-- Work request --
The lines to be set down run from the line containing "Elefant, Tiger &" through the final line of the data below; print them exactly and print nothing else.

[Material for the task Boundary: Start]

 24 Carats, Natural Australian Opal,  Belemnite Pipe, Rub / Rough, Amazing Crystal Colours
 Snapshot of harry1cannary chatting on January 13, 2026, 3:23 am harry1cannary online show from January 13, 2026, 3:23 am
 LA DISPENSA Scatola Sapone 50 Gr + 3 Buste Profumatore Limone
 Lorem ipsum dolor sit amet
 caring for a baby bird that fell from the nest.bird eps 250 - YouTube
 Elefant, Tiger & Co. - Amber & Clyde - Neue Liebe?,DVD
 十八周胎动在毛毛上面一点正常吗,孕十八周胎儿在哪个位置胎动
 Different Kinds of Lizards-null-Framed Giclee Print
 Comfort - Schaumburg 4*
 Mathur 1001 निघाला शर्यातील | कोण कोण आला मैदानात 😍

[Material for the task Boundary: End]

-- Exercise result --
 Elefant, Tiger & Co. - Amber & Clyde - Neue Liebe?,DVD
 十八周胎动在毛毛上面一点正常吗,孕十八周胎儿在哪个位置胎动
 Different Kinds of Lizards-null-Framed Giclee Print
 Comfort - Schaumburg 4*
 Mathur 1001 निघाला शर्यातील | कोण कोण आला मैदानात 😍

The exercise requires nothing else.